[Mesa-dev] [PATCH 6/6] radeonsi: Actually keep track if we are using depth textures for samplers.

Marek Olšák maraeo at gmail.com
Fri Jan 18 11:29:37 PST 2013


On Fri, Jan 18, 2013 at 5:20 PM, Christian König
<deathsimple at vodafone.de> wrote:
> Am 18.01.2013 16:40, schrieb Marek Olšák:
>
>> On Fri, Jan 18, 2013 at 2:46 PM, Christian König
>> <deathsimple at vodafone.de> wrote:
>>>
>>> Am 17.01.2013 23:54, schrieb Alex Deucher:
>>>
>>>> On Thu, Jan 17, 2013 at 12:32 PM, Michel Dänzer <michel at daenzer.net>
>>>> wrote:
>>>>>
>>>>> On Don, 2013-01-17 at 18:02 +0100, Michel Dänzer wrote:
>>>>>>
>>>>>> On Don, 2013-01-17 at 17:56 +0100, Marek Olšák wrote:
>>>>>>>
>>>>>>> Forking r600g was obviously a bad idea, because now radeonsi is just
>>>>>>> as horrible as r600g used to be.
>>>>>>
>>>>>> What do you suggest?
>>>>>
>>>>> That's an honest question, BTW. It's certainly becoming increasingly
>>>>> painful to port changes from r600g to radeonsi. The question is how we
>>>>> could start sharing at least some code again. E.g. the state handling
>>>>> has diverged quite a bit. Christian, any thoughts?
>>>>
>>>> Perhaps we could restructure things a bit and maybe add a few chip
>>>> specific function pointers and share a number of source files like we
>>>> do for the radeon/r200 (and formerly r300c/r600c).
>>>
>>>
>>> I think we should place more common code under
>>> src/gallium/drivers/radeon.
>>> For the unreleased code that I wrote for more than one chipset generation
>>> I
>>> even opened up a new directory under "src/gallium/drivers/".
>>>
>>> On the other hand the state handling between SI and previous generations
>>> needs to be quite a bit different (virtual memory and allocating space
>>> inside the IB), so merging those state handling things again might not be
>>> a
>>> practical approach.
>>
>> What is allocating space inside the IB? Right now, the r600g state
>> management and emission is pretty much the same as r300g, and I also
>> think the ideas applied there are completely hardware-independent.
>> What is so special about the SI hw that it needs something different
>> now?
>>
>> Also what does virtual memory have anything to do with it? Cayman has
>> virtual memory too.
>>
>> I think we should make new radeon_context a subclass of pipe_context
>> for the common code, and making r600_context and si_context subclasses
>> of radeon_context, the same for the screen, unless the evergreen and
>> SI code can co-exist just like r600, evergreen, and cayman do.
>
>
> Having common base classes for all three radeon drivers sounds like a good
> idea to me and sharing the texture code between r600g and SI also.
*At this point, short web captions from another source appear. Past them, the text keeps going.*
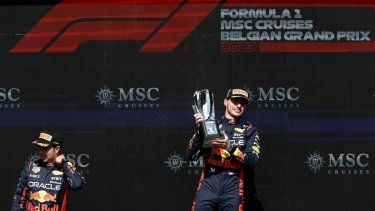 El piloto holandés de Red Bull Racing, Max Verstappen (der.), celebra con su trofeo flanqueado por el segundo clasificado, el piloto mexicano de Red Bull Racing, Sergio Pérez, en el podio después de ganar el Gran Premio de Bélgica de Fórmula 1 en el circuito de Spa-Francorchamps en Spa el 30 de julio de 2023. . &nbsp;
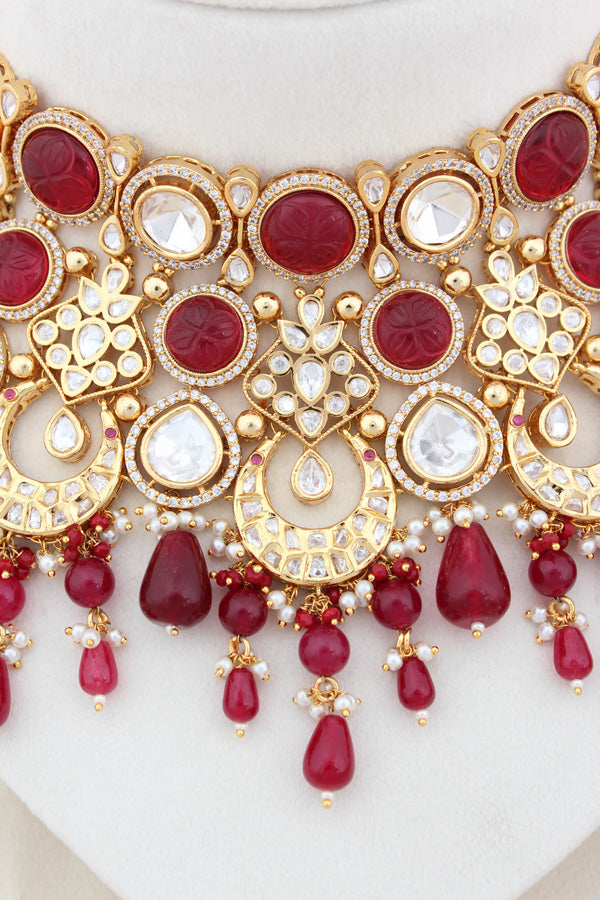 Premium Quality Kundan Set With American Diamonds And Ruby Color Pearls Attached With Matching Earrings And Tikka(NK005-RU-K-B1)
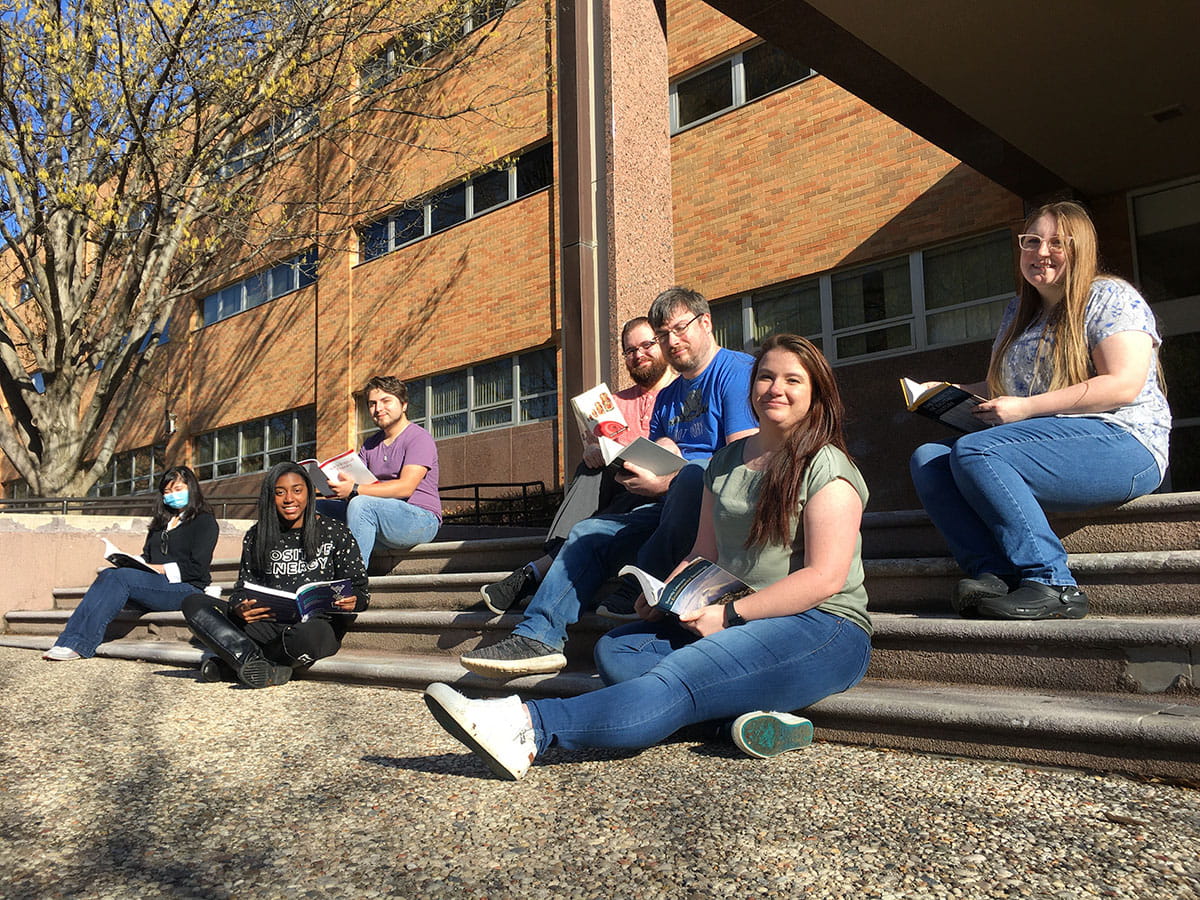 students sitting on steps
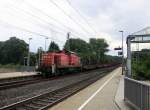 294 758-8 von Railion kommt mit Kurzen gemischten Güterzug aus Stolberg-Hbf(Rheinland) nach Herzogenrath und fährt durch Kohlscheid und fährt in Richtung Herzogenrath.
Bei Sonne und Regenwolken am Mittag vom 30.7.2015.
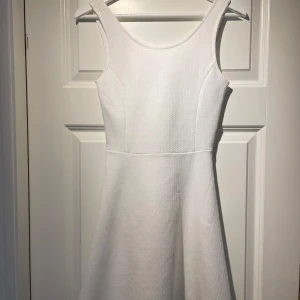 Vit klänning från H&M Divided - Säljer en stilren vit klänning från H&M Divided. Klänningen har en rund halsringning och har en enkel, elegant design. 
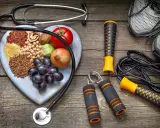 Stetoscopio, cuore di legno con 20 alimenti che alzano la pressione, attrezzi per fitness e scarpe da corsa.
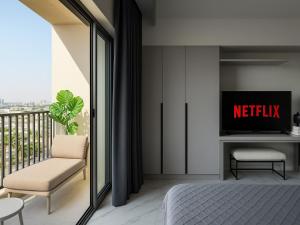 a bedroom with a bed and a tv and a balcony at Burj Khalifa View Studio - 10 mins away Dubai Mall in Dubai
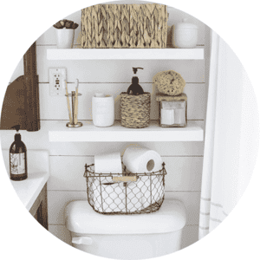Clever Storage Solutions bathroom with white shelves above toilet with black basket full of toilet paper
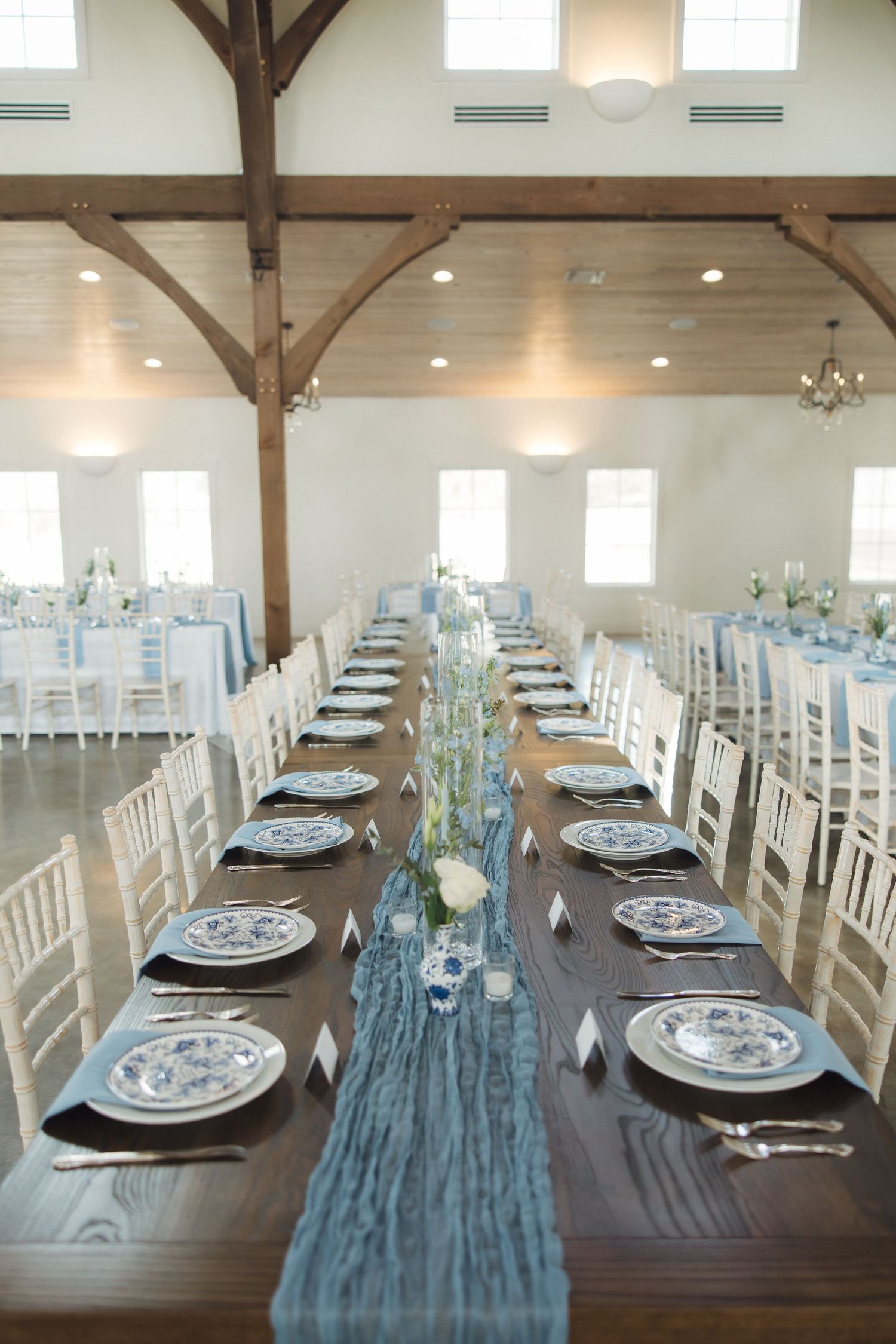 Long rustic wooden tables set for wedding reception with blue runner and white china place settings in modern barn venue.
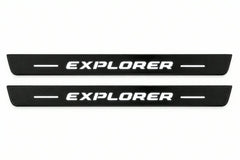 Catalogue illustration of two front black Matte PRO LED door sill plates with illuminated Explorer lettering for Ford Explorer U502; dimensions are selected during manufacture.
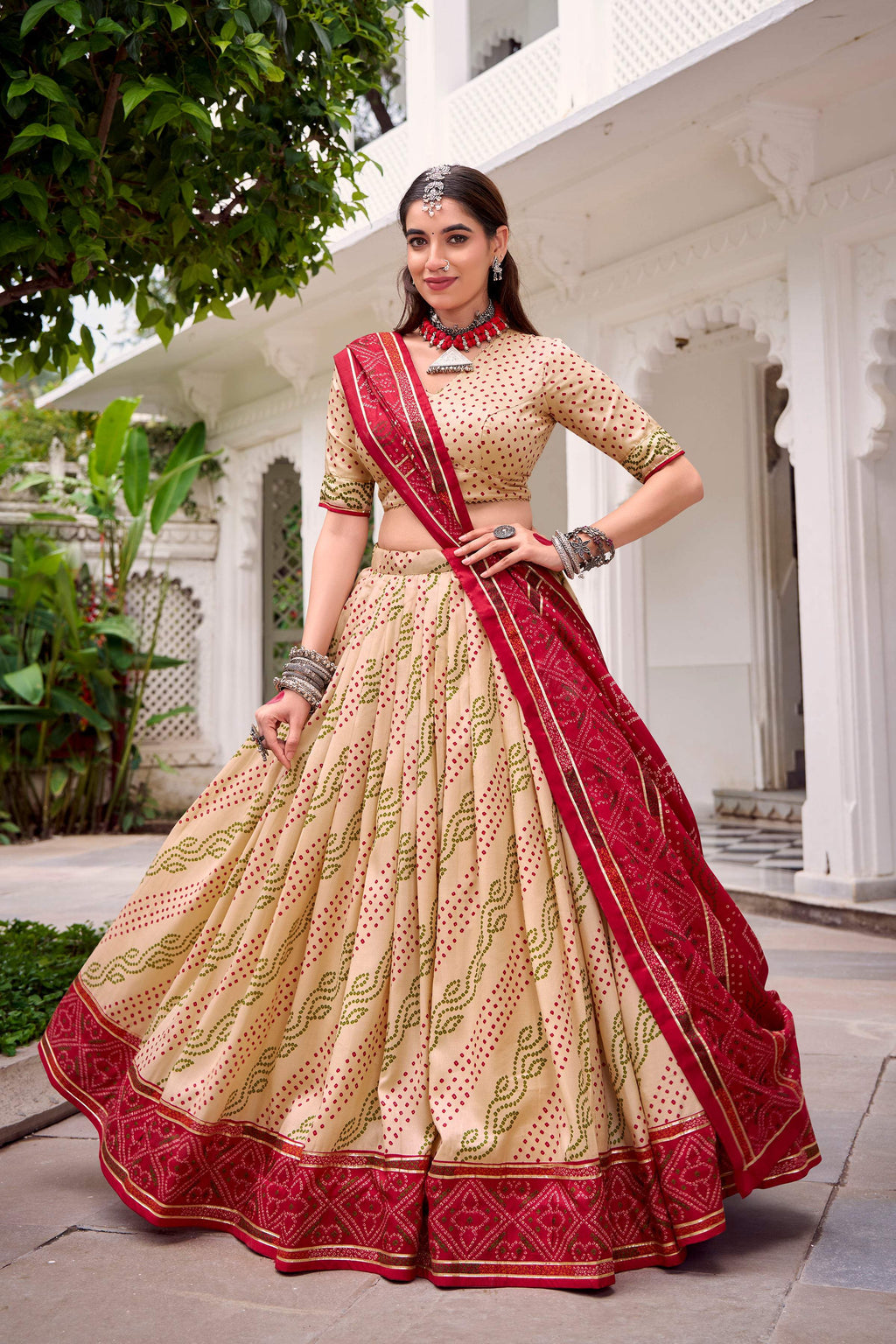 Evanik Offwhite Tassa Silk With Bandhej Print Lehenga Choli
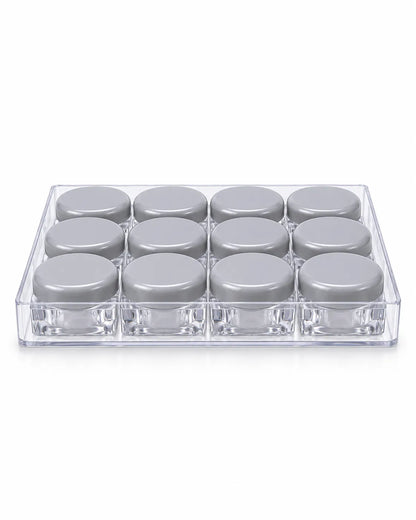 12 empty 10gm clear square lip balm jars with purple screw lids arranged in a transparent storage tray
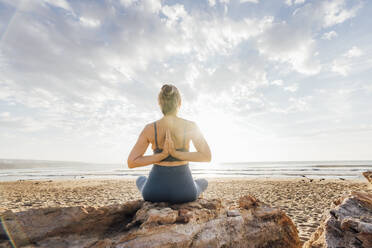 Woman practicing yoga with hands clasped behind back sitting on rock at beach - AAZF00546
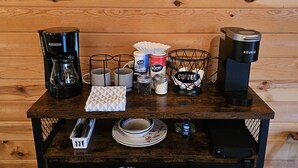 A coffee station with a coffee maker, cups, and a sign that says "Coffee keeps me going until it's time for wine." - Cabin-style private suite: king bed, jetted tub, kitchenette, Wi-Fi & private patio—near Beaver Lake & Eureka Springs. (Eureka Springs)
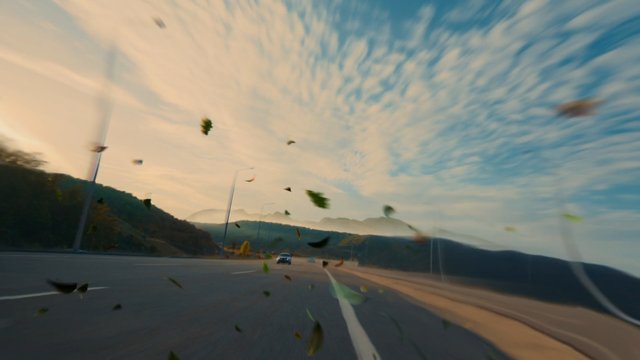 Video Reference: highway, road, mountains, sky, clouds, car, motion blur, outdoor, travel, landscape, driving, nature, evening light, debris, wind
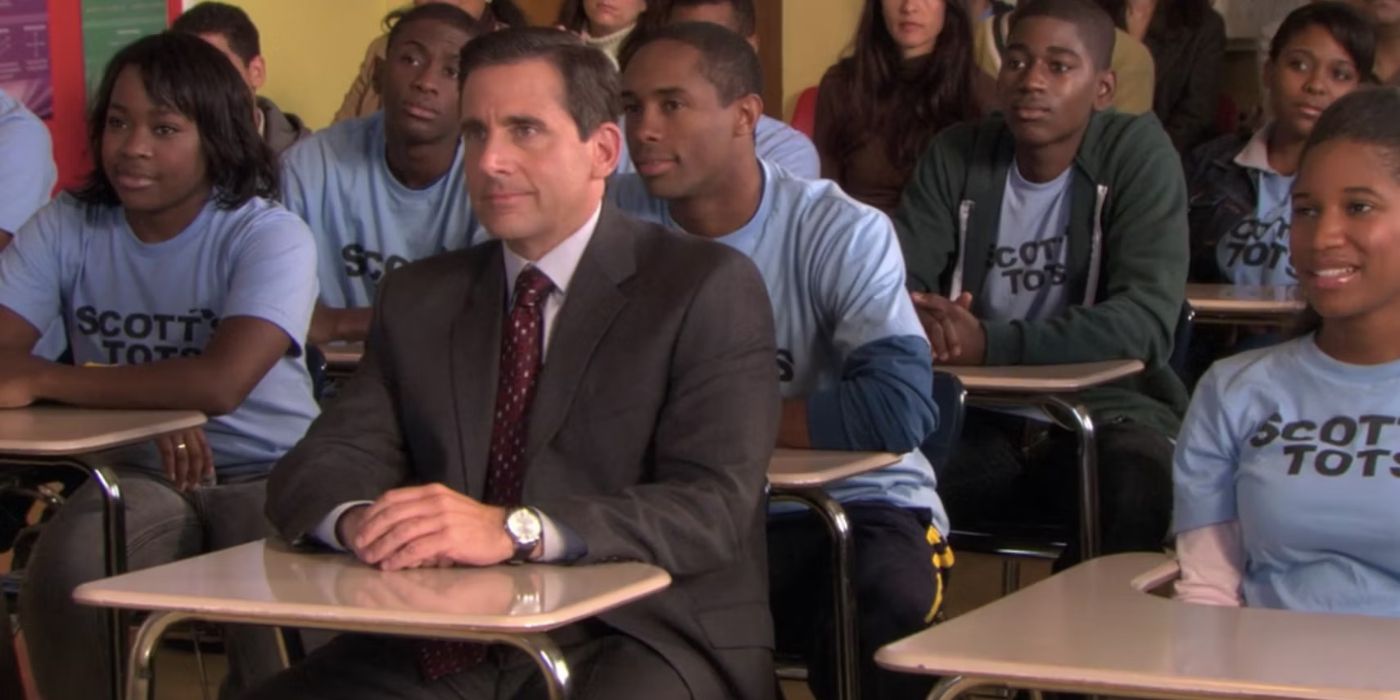 Michael (Steve Carrel) sitting in a high school surrounded by the Scott's Tots in The Office season 6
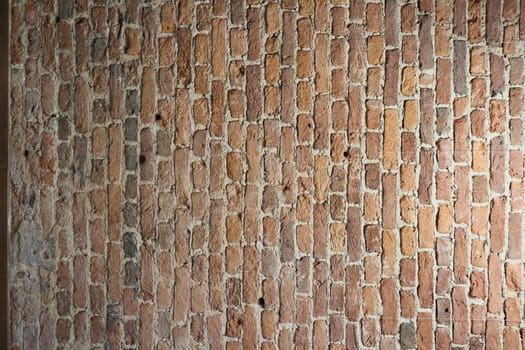 A closeup of a rustic brick wall with varied textures and rich colors, perfect for interior design projects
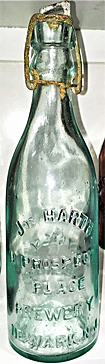 JOSEPH HARTH PROSPECT PLACE BREWERY EMBOSSED BEER BOTTLE
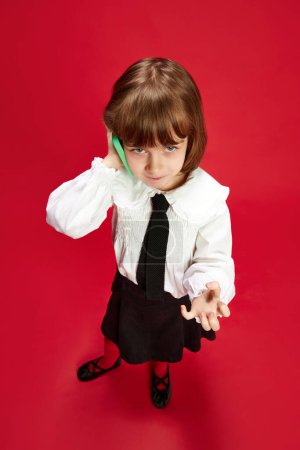 Photo for Full-length top view portrait of little girl in black shirt and white blouse talking on mobile phone with anger against red studio background. Concept of childhood, education, fashion, kid emotions - Royalty Free Image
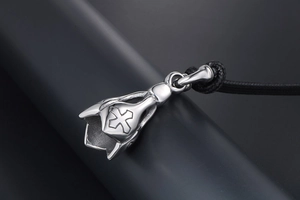 Macro view of vintage titanium steel lotus pendant with embossed cross detail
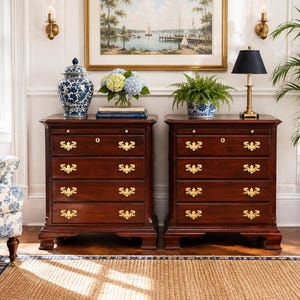 May include: Two matching dark wood chests of drawers, each featuring four drawers with ornate brass pulls and a keyhole. The chests are topped with decorative items including a blue and white porcelain jar, a glass vase with hydrangeas, and a lamp.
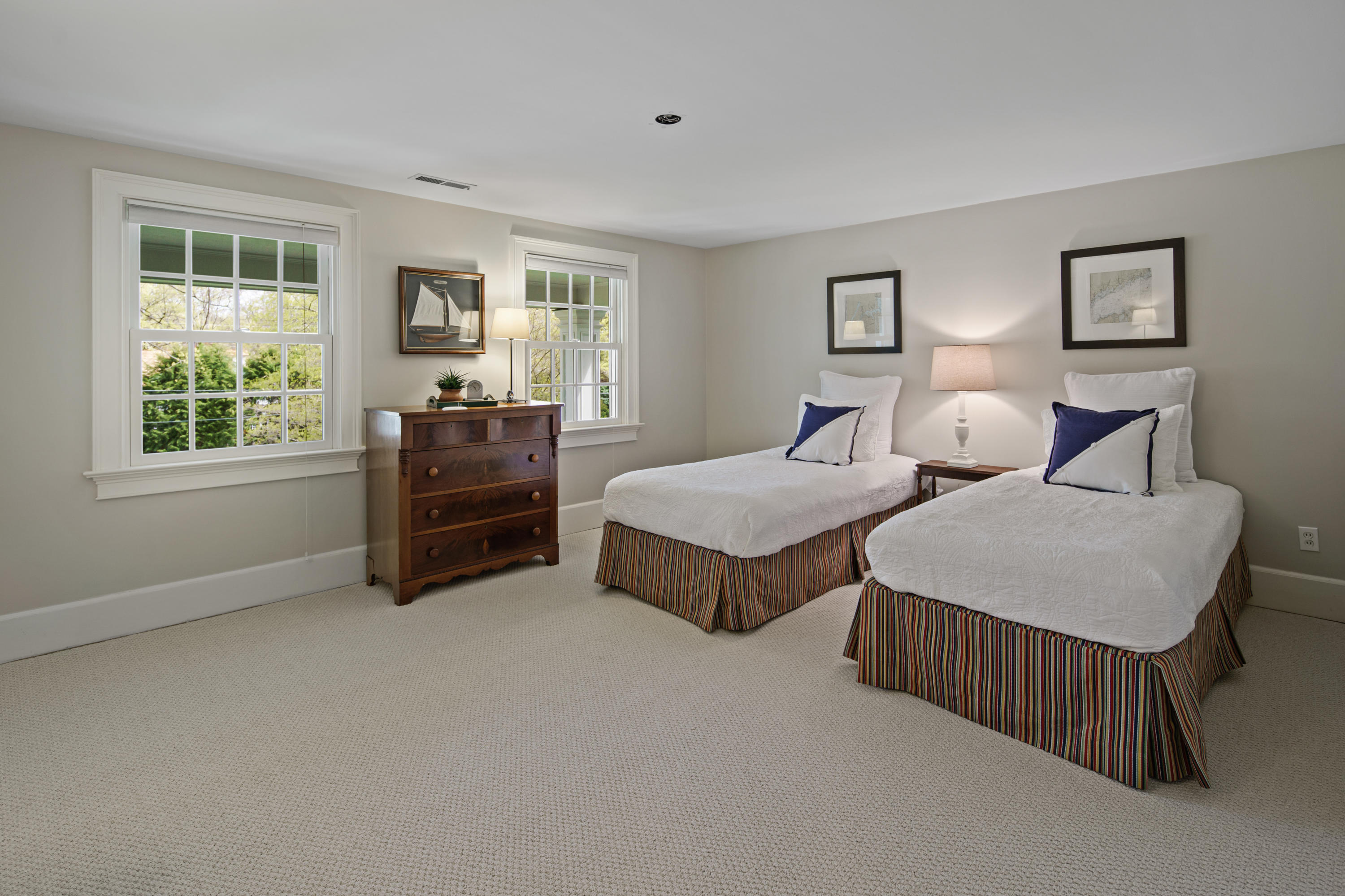 398 Valley Road New Canaan, CT 06840 - Photo 27 of 44 a spacious bedroom with two beds and a window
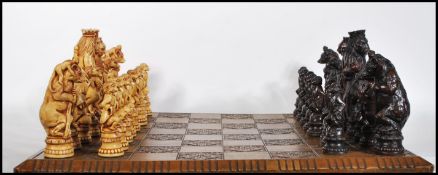 A 20th Century chess set having stylised resin animal kingdom character pieces, with the King and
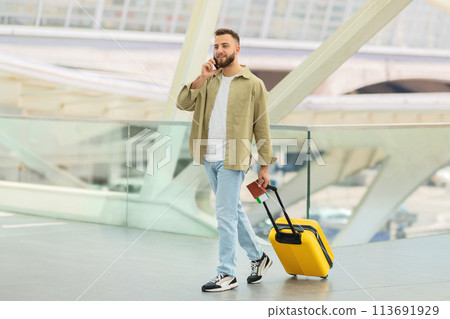 Man Walking With Luggage and Talking on Phone at Airport Man Walking With Luggage and Talking on Phone at Airport 113691929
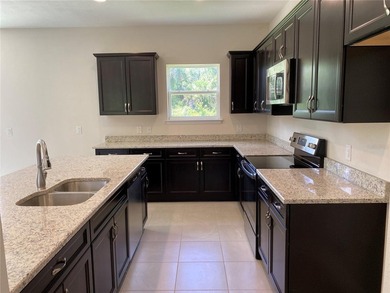 MOVE IN READY!! NEW CONSTRUCTION!! This home features an open - photo 4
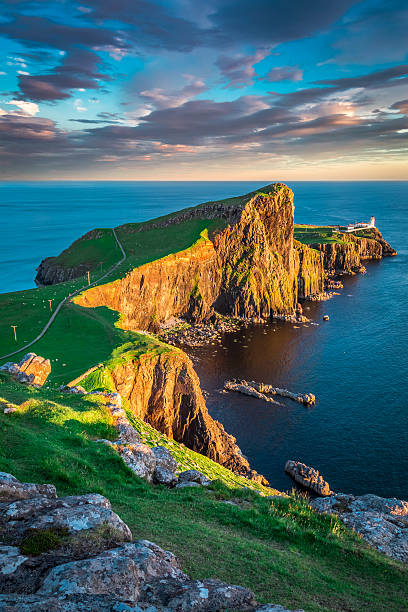 istock Neist point lighthouse in Isle of Skye, Scotland 614423340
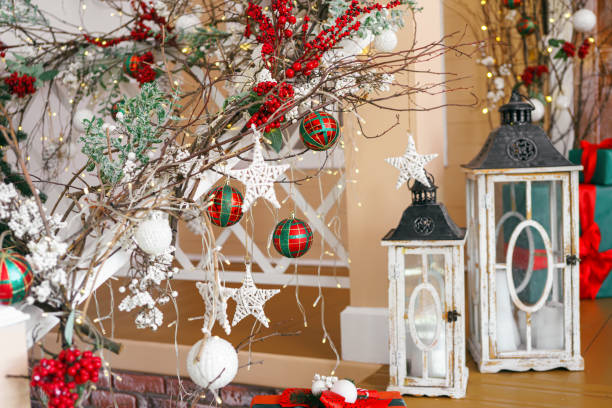istock Festive holiday decorations, branches, ornaments and lanterns in cozy winter setting for Christmas 2182174494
Well, I'd like to keep r300g out of this. Even though a lot of r600g
code is based on the same ideas now, the two have very
different/incompatible codebases.

>
> We just need to keep in mind that the PM4 state handling is quite a bit
> different on the different generations:
> 1. R300: IIRC nearly 100% register based state
> 2. R600: Mostly register based, but also some specialized PM4 commands
> (Streamout etc..)
> 3. SI: Few registers and allot of specialized PM4 commands, sometimes even
> with embedded data. And ontop of that a second command stream for preloading
> data (not implemented yet).

Whether the states are register-based or based on special packets
doesn't matter at all. It's only about reserving enough space for
state objects and other hw commands in a command stream and the
mechanism must have very small overhead, which isn't the case with
r600g yet, but we're getting there. (r300g is 20% faster than r600g if
rendering is CPU-bound)

>
> VM on Cayman is only optional, but on SI it is mandatory. So on SI we don't
> have NOP packets for relocation for example and the state handling can be a
> bit tighter, but on the other hand we need to deal with embedded data inside
> the command stream.

Both r300g and r600g embed indices inside the command stream in some cases.